自由に好きな仕事を選びなさい、なんて言われても、どうしていいかわからず、とりあえず就職活動に乗り遅れまいと右往左往するんだけど、自分のやっていることが正解かどうかわからなくて。
自由は不安の裏返し。
そこから逃れようとすれば、絶対的権力者にすがって、従属支配されることからくる安寧を求めてしまう。
結果、ファシズムへの道を転がり落ちる。
納得ですね。
世の中には、ラクしてうまい汁を吸いたい人間が、とても多いです。
我こそは権力者の側にいて、大多数の犠牲の上に、安穏と座っていたい、というような輩が。
権力は、集中してこそ奪いがいがある、というもの。
そのためには、無茶苦茶な論法も平気でやるし、都合の悪いことは隠すし、格好悪いこともじゃんじゃんやる。
あ、私から見た「格好悪いこと」ですけどね。
そういう亡霊みたいな連中に取り込まれる、人の良い若者たちが結構いるので、この本はとても大事な本だと思います。
私はどんな若者も犠牲になっていいとは思わないので、今のまま、近隣諸国と戦争に突き進むような未来は、なんとしても避けなきゃいけないと思っています。
日本に住む人たちが大切なら、戦争は利口な選択肢じゃないですよね~。
勝てないから。
現役世代がどんどん減っていて、軍人のなり手が少なくて。
経済も停滞していて、戦争する金を捻出するなら、消費税をどんどん上げるしかなくて。
社会インフラを回す人出にも事欠くようになって。
資源もなくて、石油もなくて。
第二次世界大戦の敵国条項も残ってて、味方になってくれる国もないような状態で。
誰が戦争して勝てると思う?
もっとクールにいきましょうよ。
もっとかっこよくいきましょうよ。
ひらたく言えば、この本はそういうことを訴えている本だと思います。
って、意訳しすぎ?
現在の、慰安婦問題と南京虐殺問題について、なぜもめるのか、なぜ真相がはっきりしないのか、実際のところどうなのか、そういうことをものすごく調べて書かれた本です。

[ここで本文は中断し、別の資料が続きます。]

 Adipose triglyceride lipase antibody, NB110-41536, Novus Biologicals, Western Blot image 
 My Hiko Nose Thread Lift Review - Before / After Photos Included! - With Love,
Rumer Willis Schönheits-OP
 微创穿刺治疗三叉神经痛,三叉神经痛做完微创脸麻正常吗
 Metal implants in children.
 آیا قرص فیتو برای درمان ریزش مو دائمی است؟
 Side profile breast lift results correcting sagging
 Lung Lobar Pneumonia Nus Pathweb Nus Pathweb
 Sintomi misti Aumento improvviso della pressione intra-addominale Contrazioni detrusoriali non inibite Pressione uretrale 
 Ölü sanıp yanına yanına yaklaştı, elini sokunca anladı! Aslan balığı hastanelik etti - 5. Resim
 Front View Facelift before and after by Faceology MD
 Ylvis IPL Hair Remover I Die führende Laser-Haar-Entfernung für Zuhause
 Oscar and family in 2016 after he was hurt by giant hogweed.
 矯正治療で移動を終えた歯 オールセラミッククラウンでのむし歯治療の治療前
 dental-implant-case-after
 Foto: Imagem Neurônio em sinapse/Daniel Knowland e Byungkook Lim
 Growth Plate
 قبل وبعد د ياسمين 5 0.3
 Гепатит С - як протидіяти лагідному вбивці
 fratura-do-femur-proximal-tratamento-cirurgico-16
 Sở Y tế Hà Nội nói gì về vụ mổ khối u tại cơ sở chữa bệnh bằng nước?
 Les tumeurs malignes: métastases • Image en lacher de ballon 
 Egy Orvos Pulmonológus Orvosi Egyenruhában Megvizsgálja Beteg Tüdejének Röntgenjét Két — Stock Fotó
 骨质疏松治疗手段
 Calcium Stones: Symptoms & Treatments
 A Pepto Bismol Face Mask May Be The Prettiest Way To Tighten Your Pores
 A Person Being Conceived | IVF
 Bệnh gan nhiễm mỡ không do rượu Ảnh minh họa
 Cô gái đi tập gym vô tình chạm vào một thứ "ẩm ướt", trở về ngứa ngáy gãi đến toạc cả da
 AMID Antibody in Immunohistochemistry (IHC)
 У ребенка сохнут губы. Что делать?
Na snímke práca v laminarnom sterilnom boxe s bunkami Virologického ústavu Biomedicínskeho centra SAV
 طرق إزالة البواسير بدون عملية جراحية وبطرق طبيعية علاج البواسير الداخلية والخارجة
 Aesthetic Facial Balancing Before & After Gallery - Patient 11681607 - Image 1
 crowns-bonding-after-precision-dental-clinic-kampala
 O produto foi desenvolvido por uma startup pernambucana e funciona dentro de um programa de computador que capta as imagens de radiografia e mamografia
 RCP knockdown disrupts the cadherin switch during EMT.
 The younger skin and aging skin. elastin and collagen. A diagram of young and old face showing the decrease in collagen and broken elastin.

産経新聞が好きな人も、リベラルな人も、ぜひ読んでほしいですね。
この本を読んで、なんでリベラルがネットでサヨクとか言われるのかも、わかりました。
納得。
この本が、今現在、手に入るということは、まだまだ日本も捨てたもんじゃありません。
てか、諫言を封じられるようになったら、その国はおわり……って中国史じゃ定番になってるんだけどなあ。
え? 現代中国は? って?
アメとムチを使い分けてるだけでしょ?
私は『動物農場』みたいな生活はしたくないので、この国がもっと住みやすい社会になるように、もっとなんかやりたいのが正直なところなんですが。
とりあえず、この本はおすすめしたいと思います。